*** Opening of Data records ***
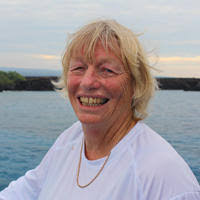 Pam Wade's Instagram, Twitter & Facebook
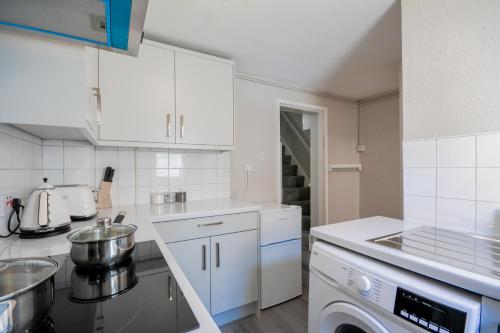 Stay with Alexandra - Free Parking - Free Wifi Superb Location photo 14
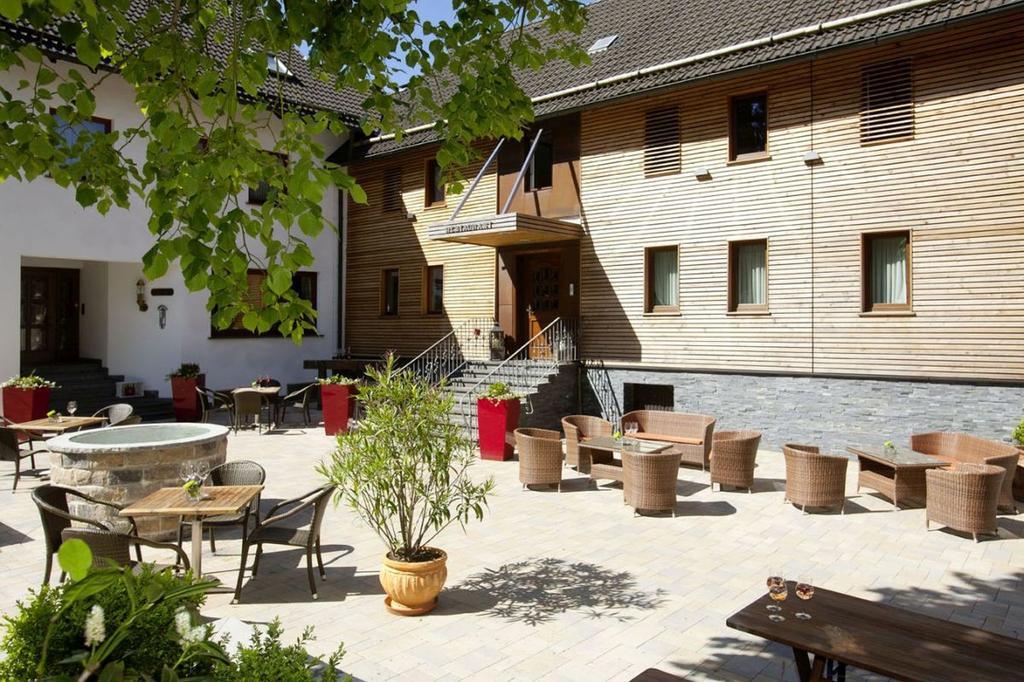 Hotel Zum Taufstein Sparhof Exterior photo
*** Close of Data records ***
*** Opening of Data records ***
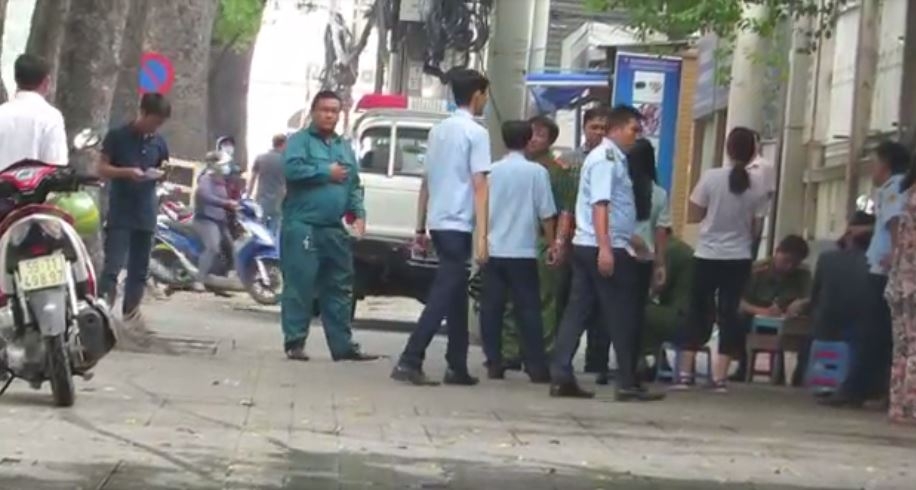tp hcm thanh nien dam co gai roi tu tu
*** Close of Data records ***
> [Exercise goal]:
With the pictures omitted, print the lines above exactly, beginning at the line with "Pam Wade's Instagram, Twitter & Facebook" and going on through the line with "Hotel Zum Taufstein Sparhof Exterior photo".

> [Your response]:
 Pam Wade's Instagram, Twitter & Facebook
 Stay with Alexandra - Free Parking - Free Wifi Superb Location photo 14
 Hotel Zum Taufstein Sparhof Exterior photo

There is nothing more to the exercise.